Set down each record below precisely, skipping the pictures.
BEGIN
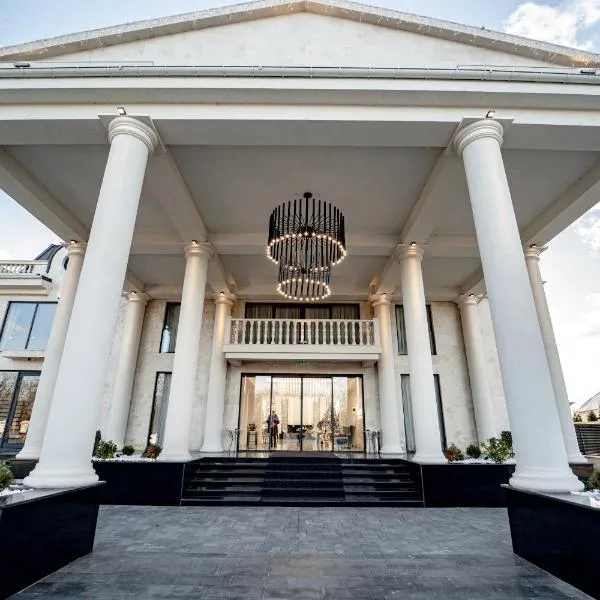 Hotel Caprice, hotel v destinaci Bacău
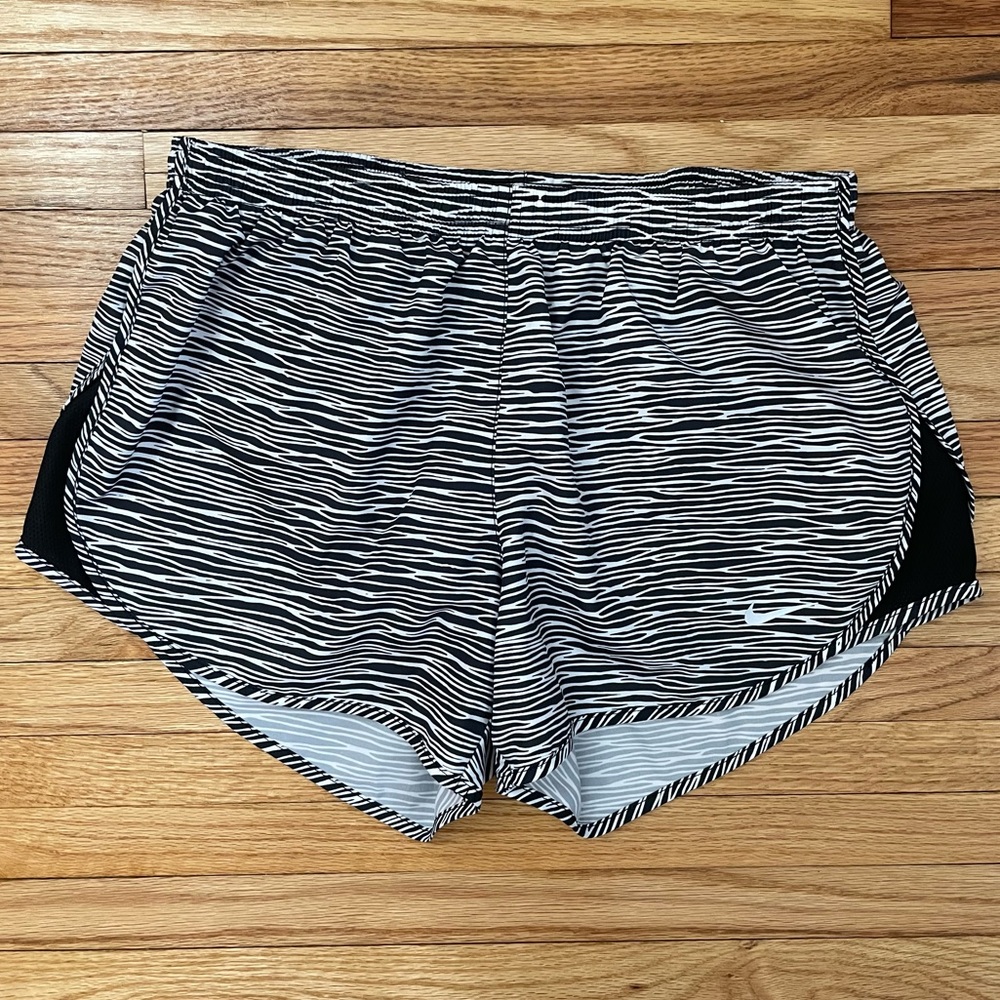 NIKE Black & White Shorts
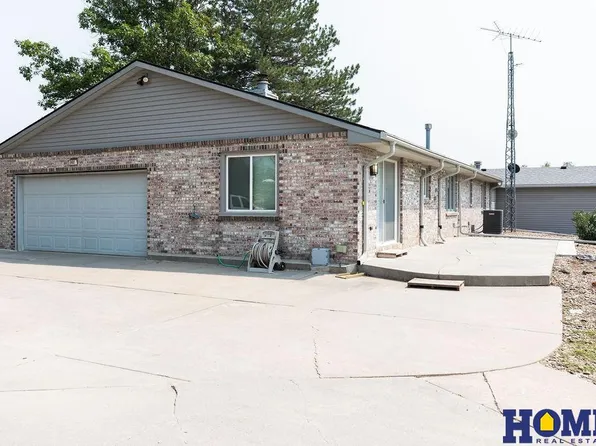 8401 W Van Dorn St, Lincoln, NE 68532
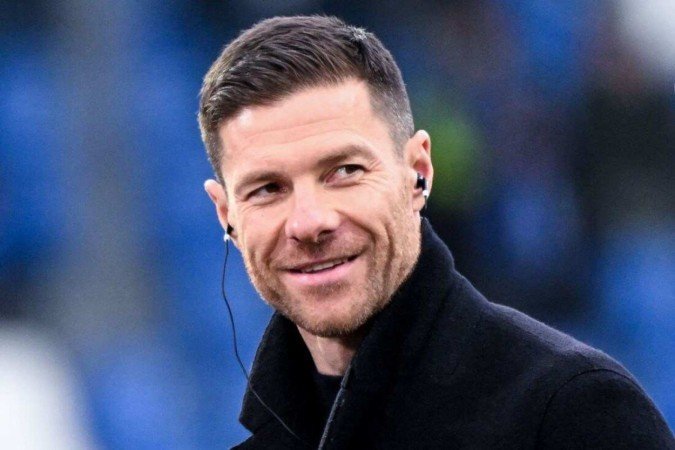 Espanhol Xabi Alonso levou o Bayer ao título alemão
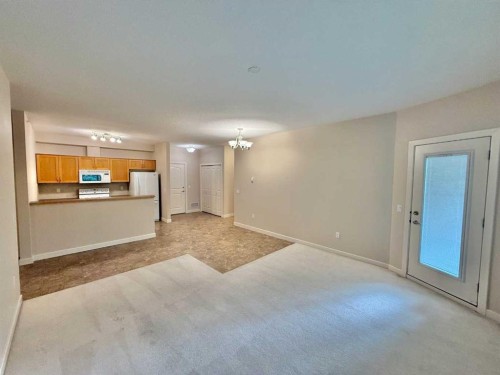 305-109 Seabolt Drive, Hinton, AB - Indoor Photo Showing Other Room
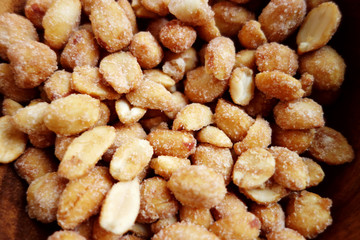 Homemade Honey Roasted Peanuts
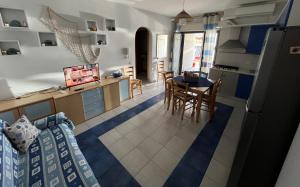 Kuchyň nebo kuchyňský kout v ubytování Luna's House Fondachello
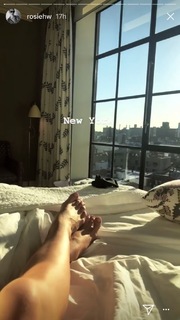 Rosie Huntington-Whiteley feet photo thumbnail
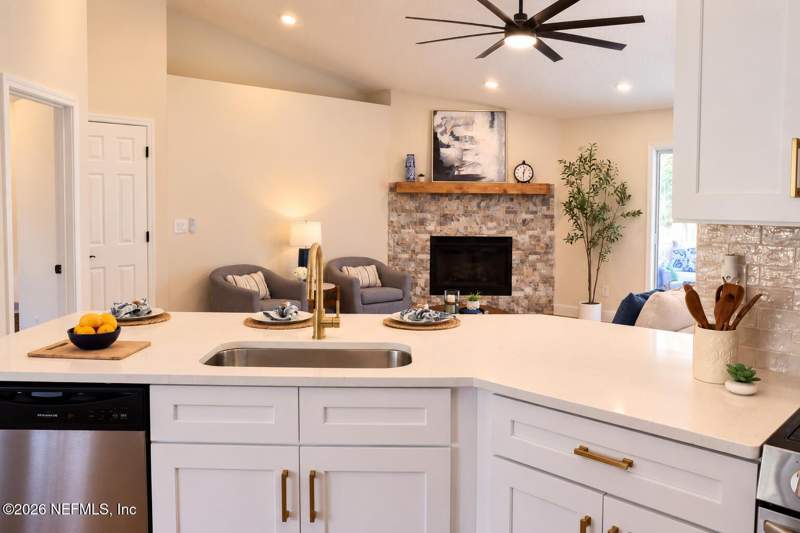 3 bedroom Single Family Residence at 7969 Seahaven Court, Ortega Bluff, Jacksonville — photo 2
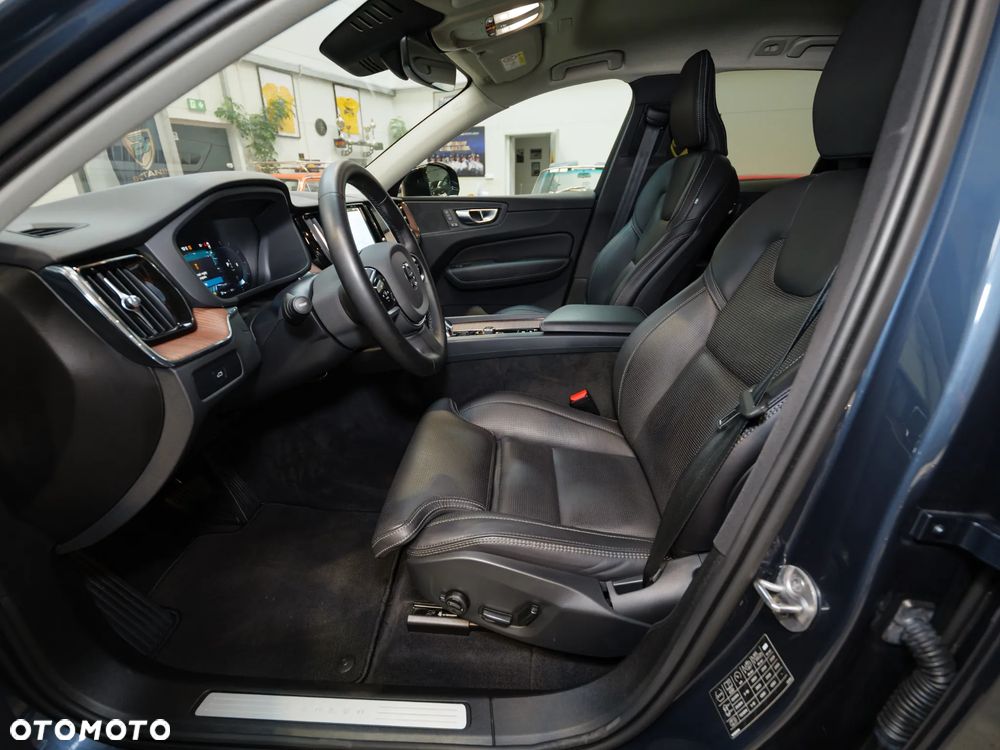 Volvo XC 60 B4 D AWD Plus Dark - 17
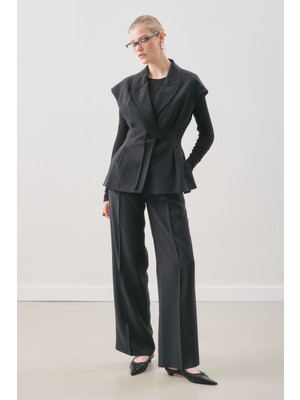 Manuka Dökümlü Tencel Pileli Pantolon Siyah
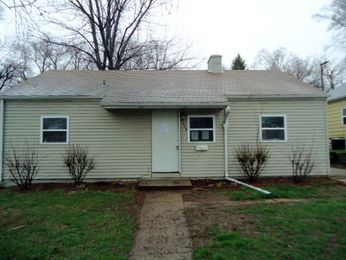 6620 Hamilton St, Omaha, NE 68132 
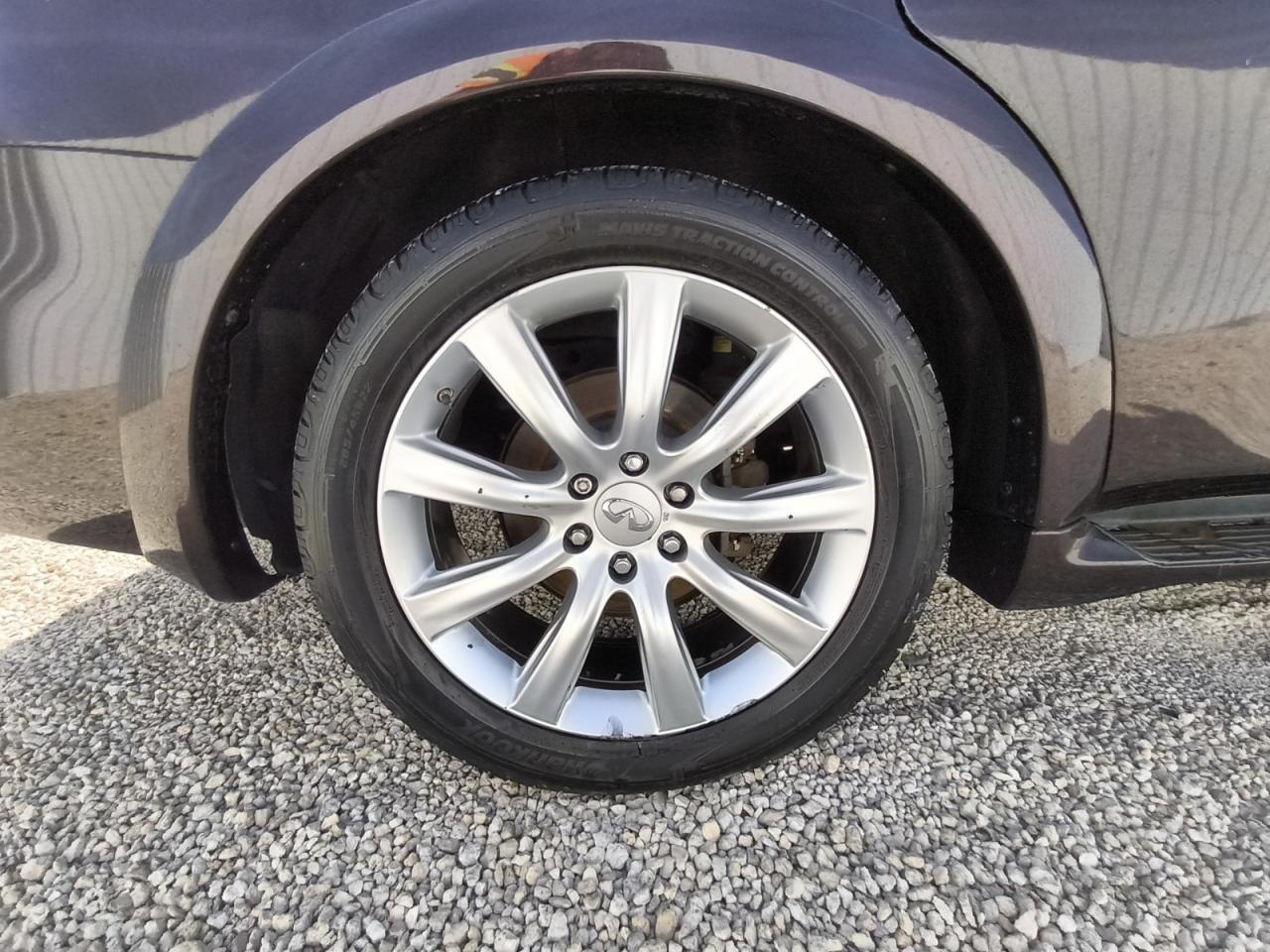 2014 Infiniti Qx80 Base Maroon vin: JN8AZ2NF3E9552733 Damage: Right Rear Wheel, Chipped, 3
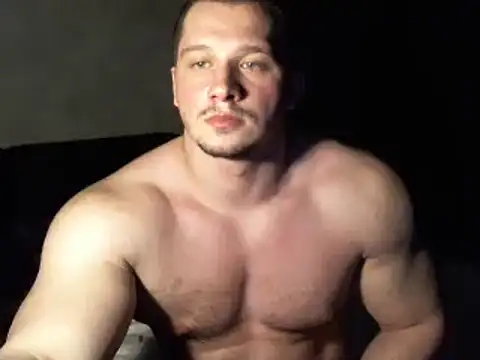 Snapshot of LionEdwin chatting on February 15, 1:10 am LionEdwin online show from February 15, 1:10 am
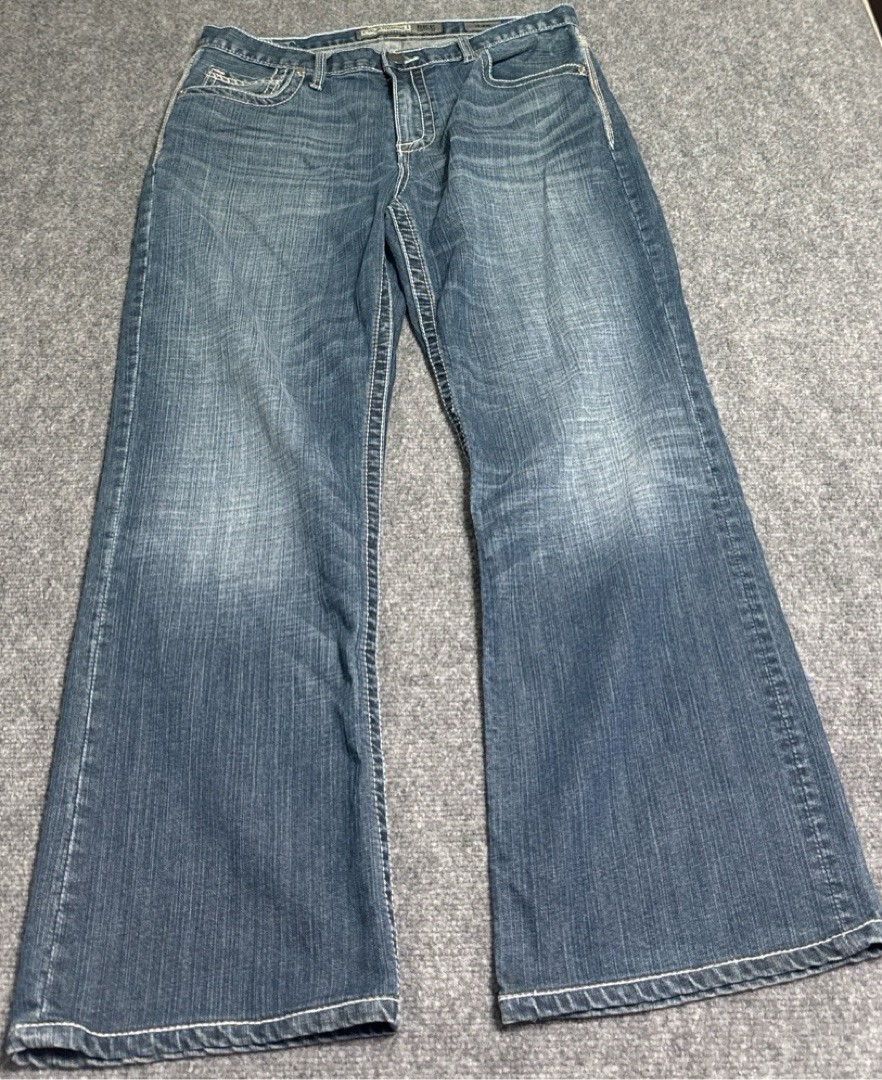 BKE Buckle Tyler Men&rsquo;s 34R Straight Leg Med Wash Denim Blue Jeans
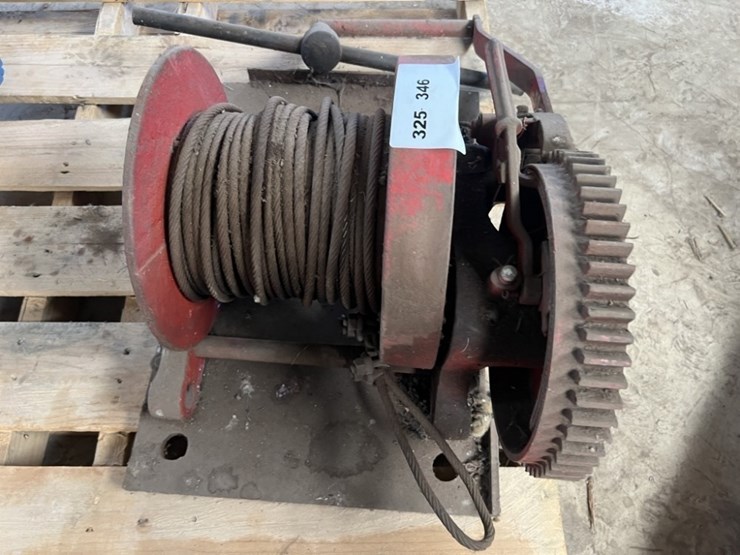beebe-bros.-all-steel-5-ton-winch-image-3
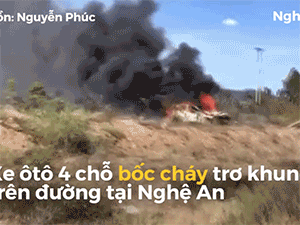Video: Xe tiền tỷ bốc cháy trơ khung trên đường tại Nghệ An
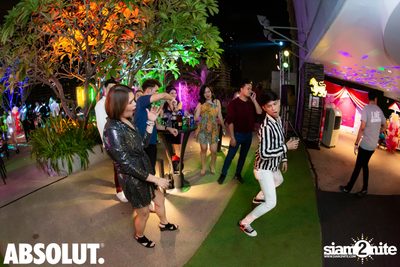 NYE Splash Countdown Pool Party at SPLASH at Aloft — photo 41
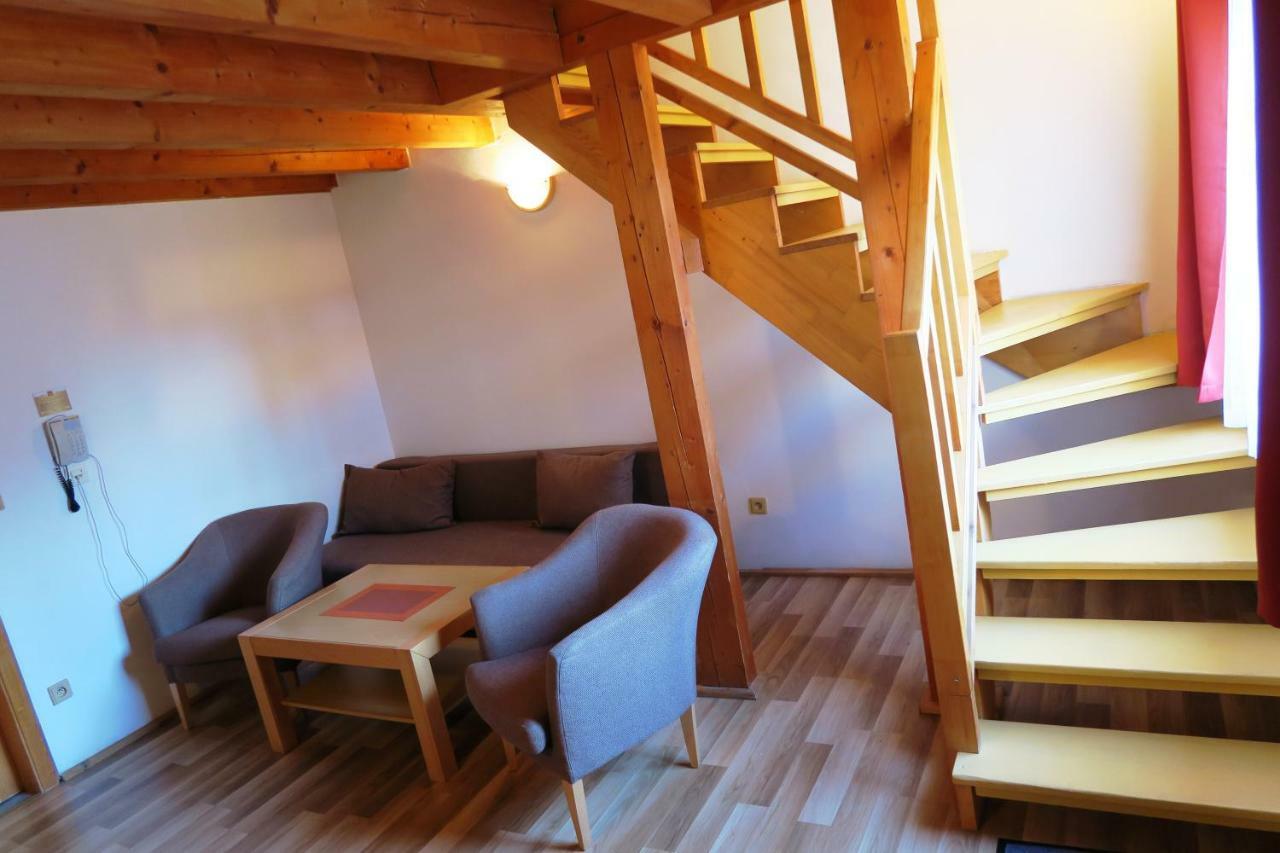 Tatralandia Apartmany Relax Липтовски-Микулаш Экстерьер фото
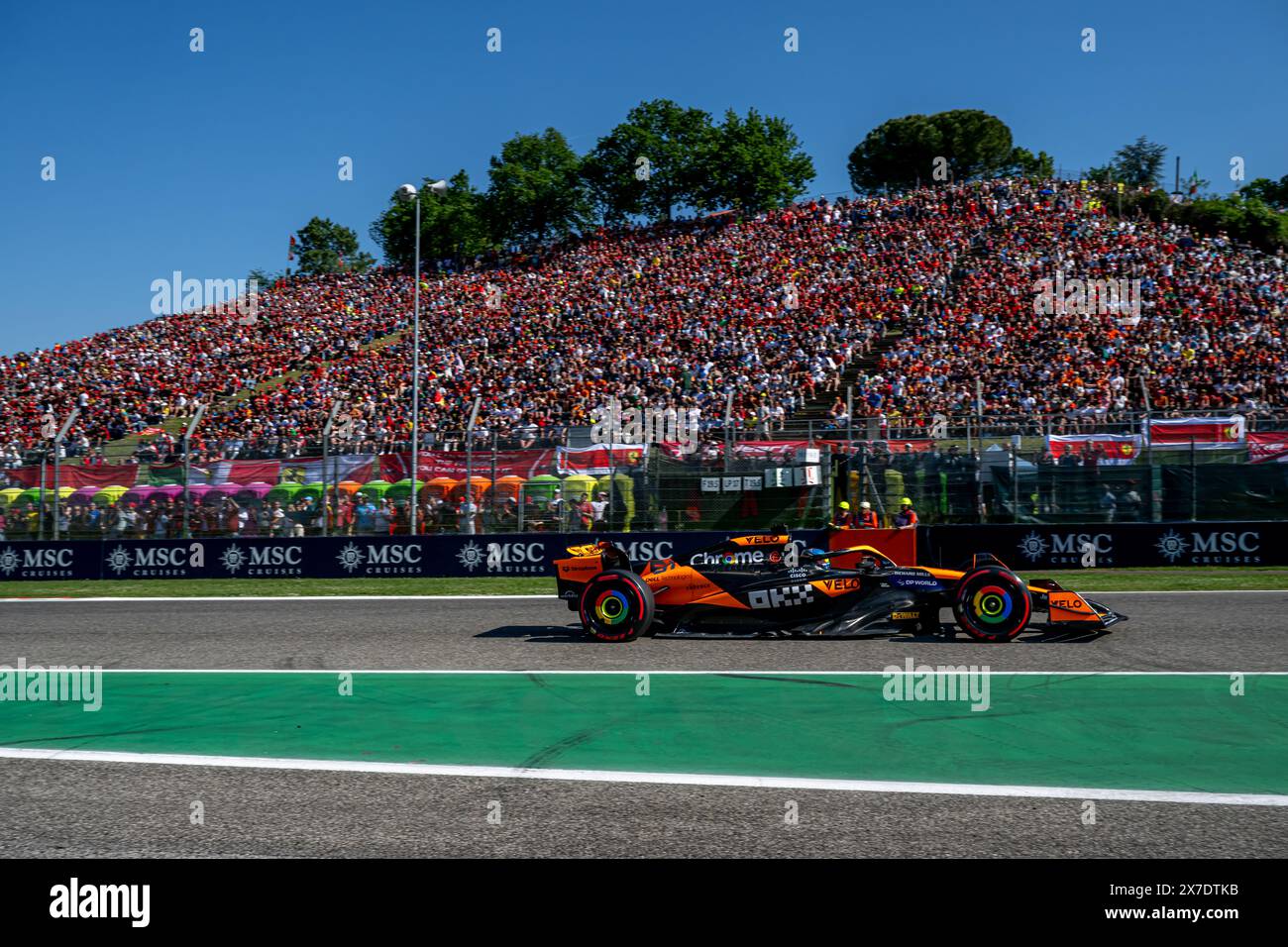 IMOLA CIRCUIT, ITALIEN - 18. MAI: Oscar Piastri, McLaren F1 MCL60 während des Emilia Romagna Grand Prix auf Imola Circuit am Samstag, 18. Mai 2024 in Imola, Italien. (Foto: Michael Potts/BSR Agency) Credit: BSR Agency/Alamy Live News Stockfoto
END
**Exercise output**
 Hotel Caprice, hotel v destinaci Bacău
 NIKE Black & White Shorts
 8401 W Van Dorn St, Lincoln, NE 68532
 Espanhol Xabi Alonso levou o Bayer ao título alemão
 305-109 Seabolt Drive, Hinton, AB - Indoor Photo Showing Other Room
 Homemade Honey Roasted Peanuts
 Kuchyň nebo kuchyňský kout v ubytování Luna's House Fondachello
 Rosie Huntington-Whiteley feet photo thumbnail
 3 bedroom Single Family Residence at 7969 Seahaven Court, Ortega Bluff, Jacksonville — photo 2
 Volvo XC 60 B4 D AWD Plus Dark - 17
 Manuka Dökümlü Tencel Pileli Pantolon Siyah
 6620 Hamilton St, Omaha, NE 68132 
 2014 Infiniti Qx80 Base Maroon vin: JN8AZ2NF3E9552733 Damage: Right Rear Wheel, Chipped, 3
 Snapshot of LionEdwin chatting on February 15, 1:10 am LionEdwin online show from February 15, 1:10 am
 BKE Buckle Tyler Men&rsquo;s 34R Straight Leg Med Wash Denim Blue Jeans
beebe-bros.-all-steel-5-ton-winch-image-3
Video: Xe tiền tỷ bốc cháy trơ khung trên đường tại Nghệ An
 NYE Splash Countdown Pool Party at SPLASH at Aloft — photo 41
 Tatralandia Apartmany Relax Липтовски-Микулаш Экстерьер фото
 IMOLA CIRCUIT, ITALIEN - 18. MAI: Oscar Piastri, McLaren F1 MCL60 während des Emilia Romagna Grand Prix auf Imola Circuit am Samstag, 18. Mai 2024 in Imola, Italien. (Foto: Michael Potts/BSR Agency) Credit: BSR Agency/Alamy Live News Stockfoto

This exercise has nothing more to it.